### [Work to complete]
Restate all of the entries exactly, dropping any pictures they hold.

### [Records provided]

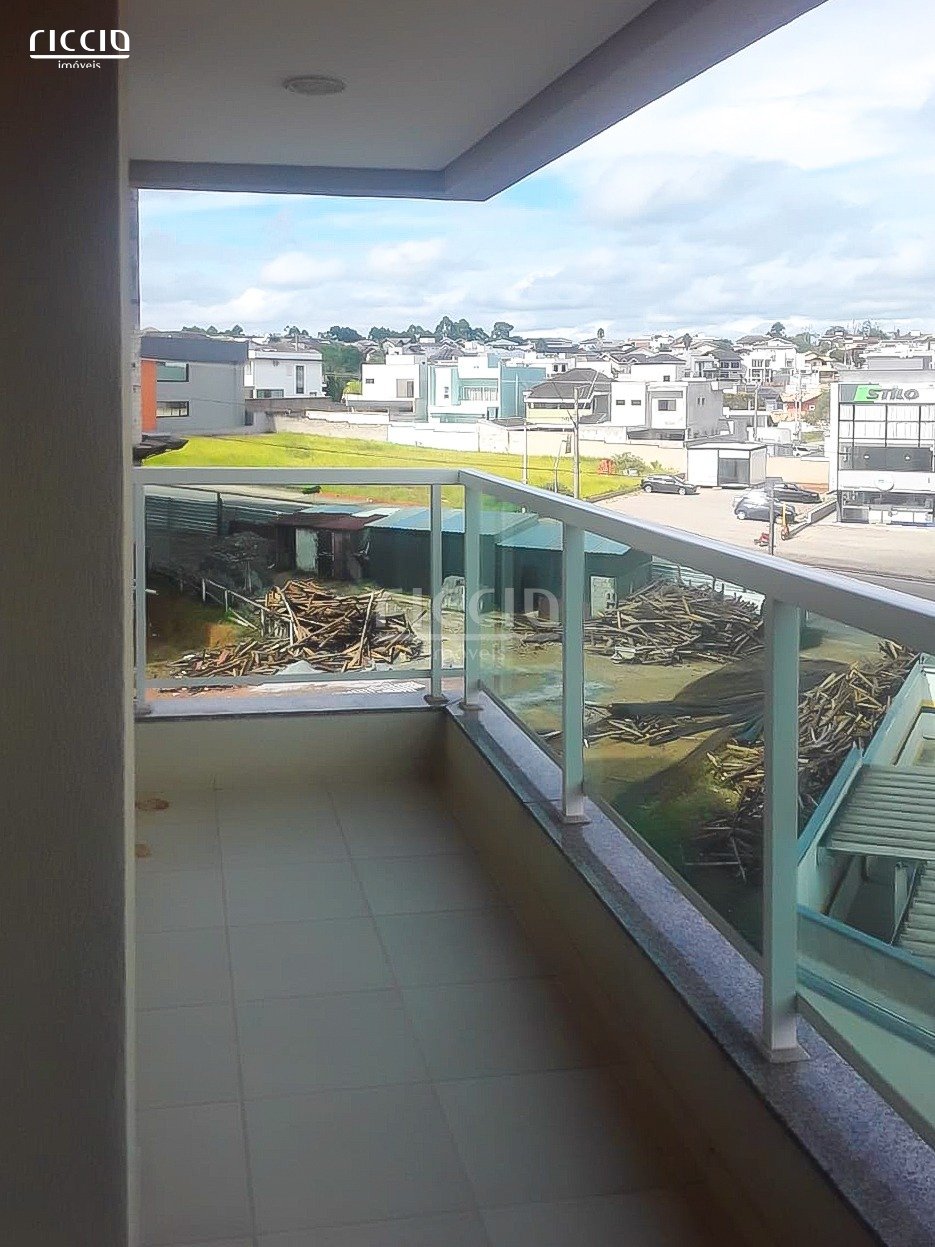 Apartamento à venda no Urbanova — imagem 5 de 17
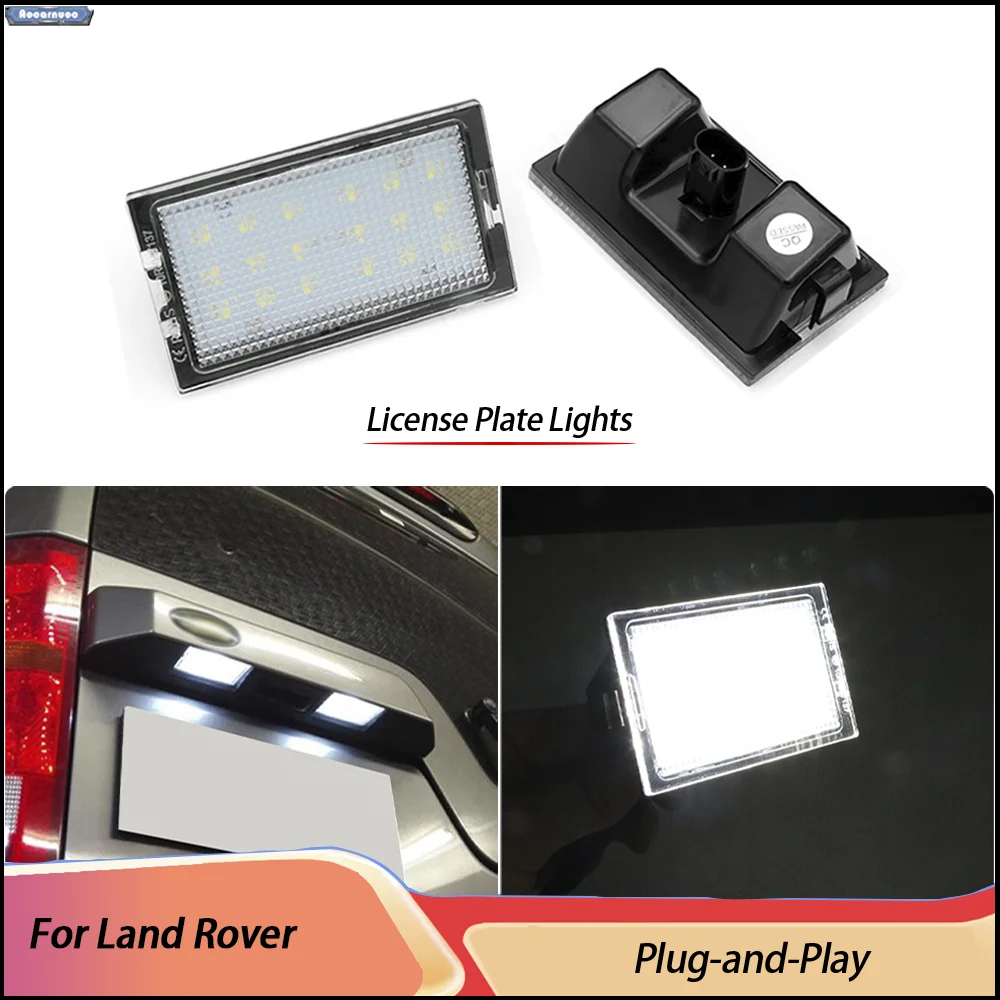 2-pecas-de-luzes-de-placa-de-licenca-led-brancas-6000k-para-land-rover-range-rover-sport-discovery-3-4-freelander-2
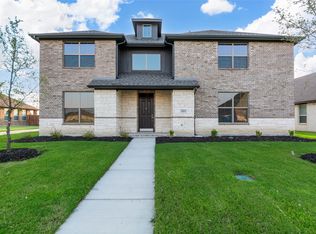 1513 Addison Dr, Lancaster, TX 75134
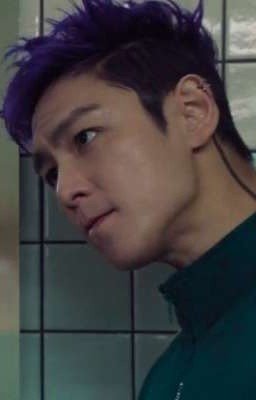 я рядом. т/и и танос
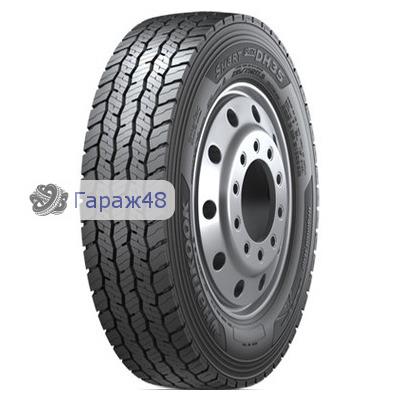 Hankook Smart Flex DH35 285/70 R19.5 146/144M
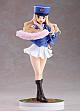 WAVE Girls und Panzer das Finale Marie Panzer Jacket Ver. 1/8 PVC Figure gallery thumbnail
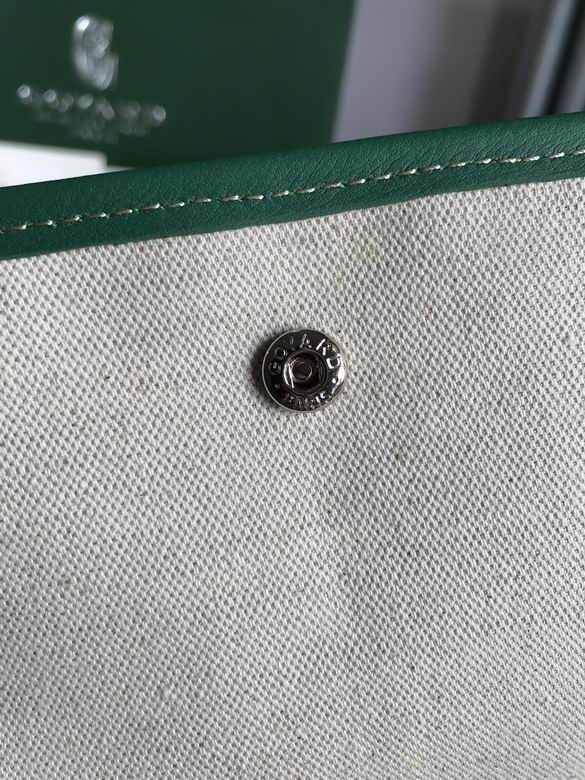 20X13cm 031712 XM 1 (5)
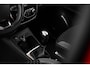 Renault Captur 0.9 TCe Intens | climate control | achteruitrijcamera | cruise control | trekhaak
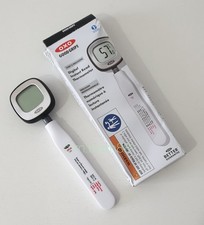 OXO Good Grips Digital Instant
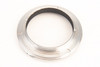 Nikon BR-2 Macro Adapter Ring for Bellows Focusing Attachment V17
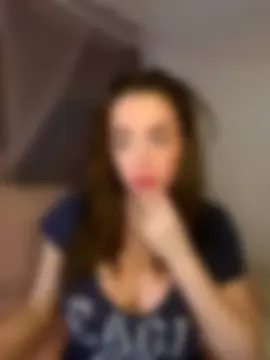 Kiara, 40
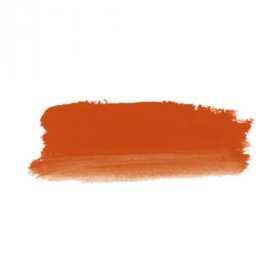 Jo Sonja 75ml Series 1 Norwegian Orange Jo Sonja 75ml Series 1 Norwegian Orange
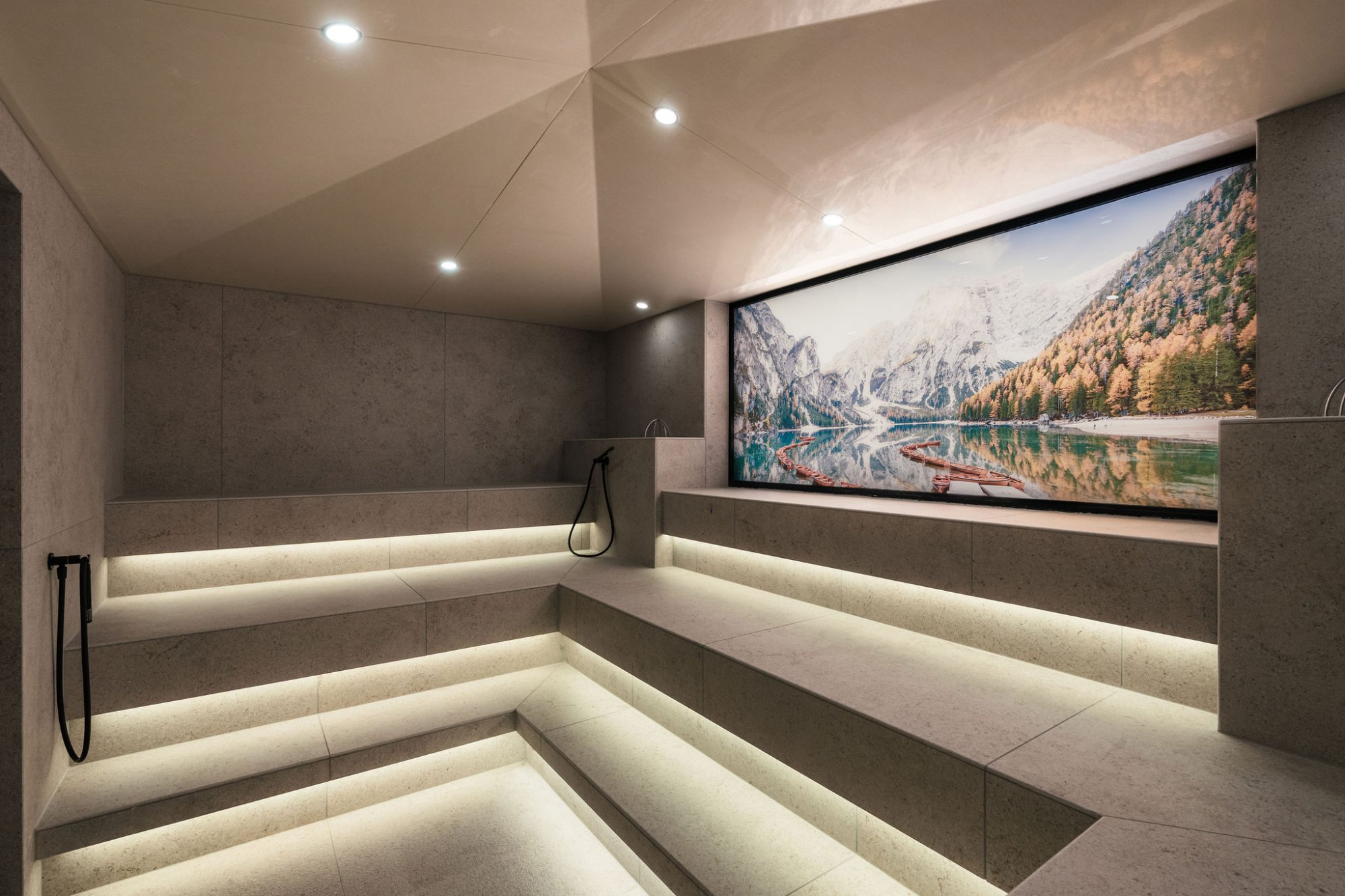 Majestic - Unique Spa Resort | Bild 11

### [Written solution]
 Apartamento à venda no Urbanova — imagem 5 de 17
 2-pecas-de-luzes-de-placa-de-licenca-led-brancas-6000k-para-land-rover-range-rover-sport-discovery-3-4-freelander-2
 1513 Addison Dr, Lancaster, TX 75134
 я рядом. т/и и танос
 Hankook Smart Flex DH35 285/70 R19.5 146/144M
 WAVE Girls und Panzer das Finale Marie Panzer Jacket Ver. 1/8 PVC Figure gallery thumbnail
 20X13cm 031712 XM 1 (5)
 Renault Captur 0.9 TCe Intens | climate control | achteruitrijcamera | cruise control | trekhaak
 OXO Good Grips Digital Instant
 Nikon BR-2 Macro Adapter Ring for Bellows Focusing Attachment V17
 Kiara, 40
 Jo Sonja 75ml Series 1 Norwegian Orange Jo Sonja 75ml Series 1 Norwegian Orange
 Majestic - Unique Spa Resort | Bild 11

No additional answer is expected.